Although it is hard to find an explicit line dividing the artistic graffiti from the political one, in his collection’s arrangement, Sikorski separates the photos showing works invested mainly in the artistic dimension from those pictures that depict graffiti in which political content dominated the formal side. In the 1970s, the graffiti in Poland was created by the artists who sought new spaces for their art and thought about exit from the borders of museums and art galleries rather than by political activists. Such artists were Jerzy Treliński, Zygmunt Piotrowski, or Joanna Krzysztoń and Zbigniew Olkiewicz from the Academy of Movement (Akademia Ruchu) theater – for them all graffiti was not the basic nor the vital genre.
The situation changed apparently in the subsequent decade when as a result of the martial law imposition and social polarization the streets of Polish cities became a scene of the uncountable written and graphic messages. The urban iconosphere was full of openly political statements, the ones questioning the legitimization of the communist power and referring to national, romantic rhetorics. However, even in the early 1980s, there was also the graffiti subvertingly challenging both sides of the political conflicts, for instance, the dwarfs painted by ‘Major’ Waldemar Fydrych on the blurs that emerged on the walls as the secret service covered the antigovernment texts and signs. This kind of graffiti mocking the ruling party as well as so-called democratic opposition became popular especially in the late 1980s when the parodistic images of politicians and the acts of overidentification with the system were accompanied with pro-ecological, antiwar, and anarchistic declarations. Dariusz Paczkowski, Egon Fietke, and Krzysztof Skiba were some of the most known artists-activists who created such graffiti.
The second half of the 1980s was characterized by plenty of artistic graffiti as well. The phenomenon was connected with the broader access to the spray paint on the one side and the popularization of the stencil graffiti, and with the helplessness of the militia and secret service toward mass practices of painting on the walls on the other. The artistic graffiti was painted by respected artists with the art schools’ background, such as Sikorski, Paweł Jarodzki, Krzysztof Skarbek and Szymon Urbański, as well as young creators without such formal art education for whom graffiti appeared as an attractive way of raising their own creativeness, such as Aleksander ‘Olo’ Rostocki, Jacek ‘Ponton’ Jankowski, Alexander Sikora and the Association of Peaceful Painters (Towarzystwo Malarzy Pokojowych). Graffiti served for them as a way of taking on new ideas and finding new styles and poetics, what brought about the whole underground graffiti scene integrated by friendship relations, collective creative actions, and fanzines circuit.
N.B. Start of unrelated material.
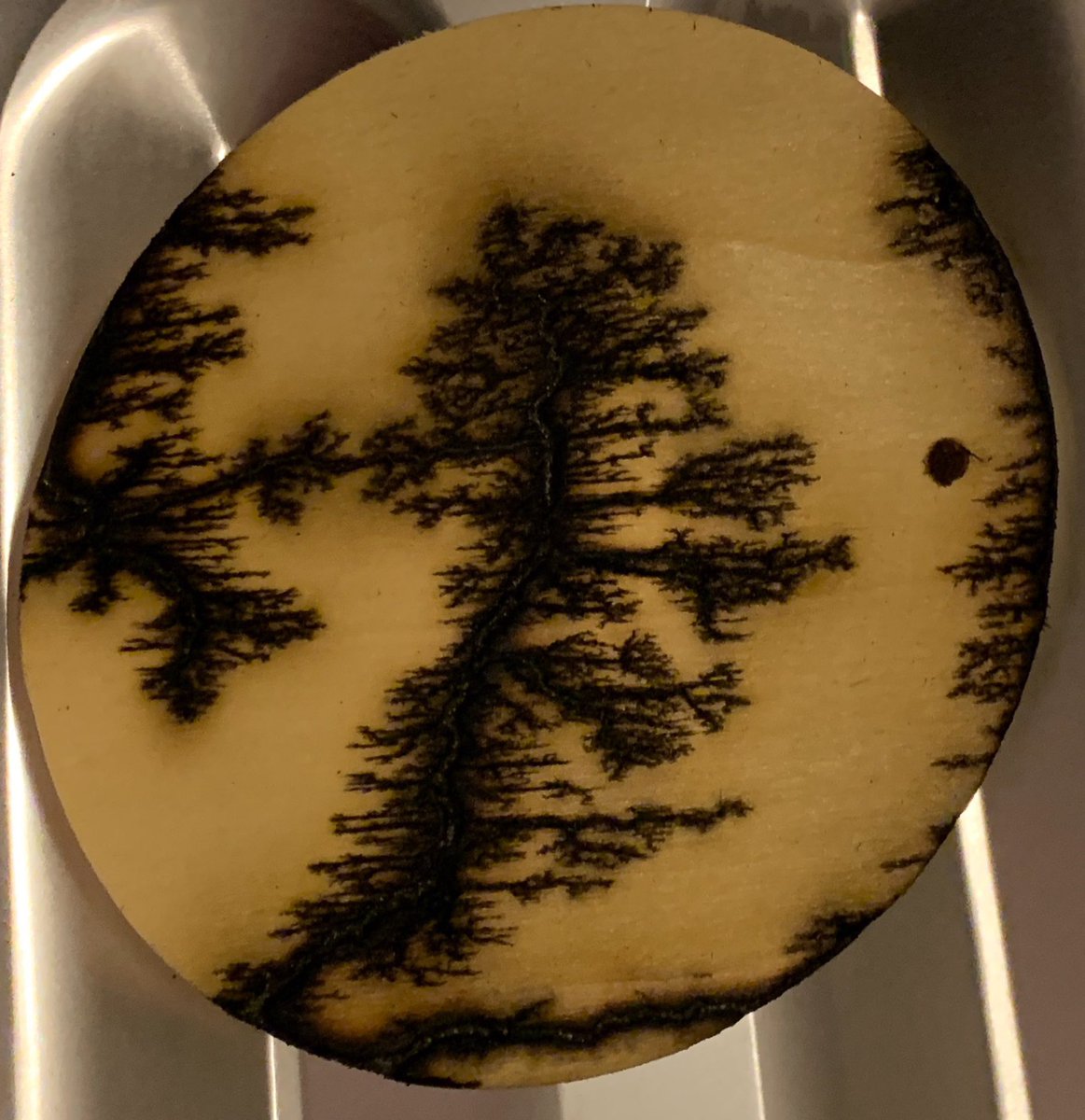 The1stRory's tweet image. Here is some more fractal burning I did. These are thick enough to resist heat, but small enough to use as coasters. I’m pretty happy with these. #fractalburning , #Lichtenberg #burning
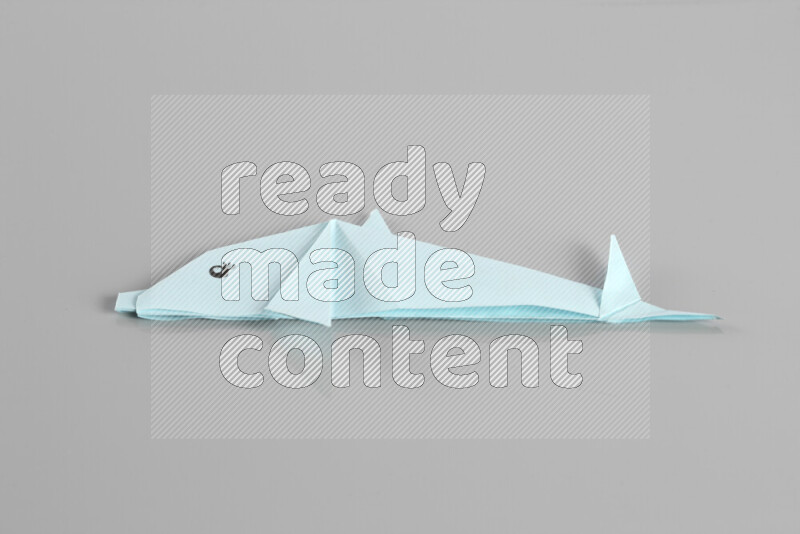 Origami animals on grey background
Tomasz Sikorski participated in the events and activities of the graffiti scene as an active artist and at the same time photographer documenting the works of others. The photo collection he gathered contains about 1 500 pictures of works by the most estimated creators of both artistic and political graffiti of the 1970s and 1980s, as well as the photos of the pieces by less known artists and anonymous ones. The collection is presented during the lectures and photo shows by Sikorski, on exhibitions, and in book publications.
Source:
Tomasz Sikorski, Marcin Rutkiewicz, Graffiti w Polsce 1940-2010, Carta Blanca, Warszawa 2011.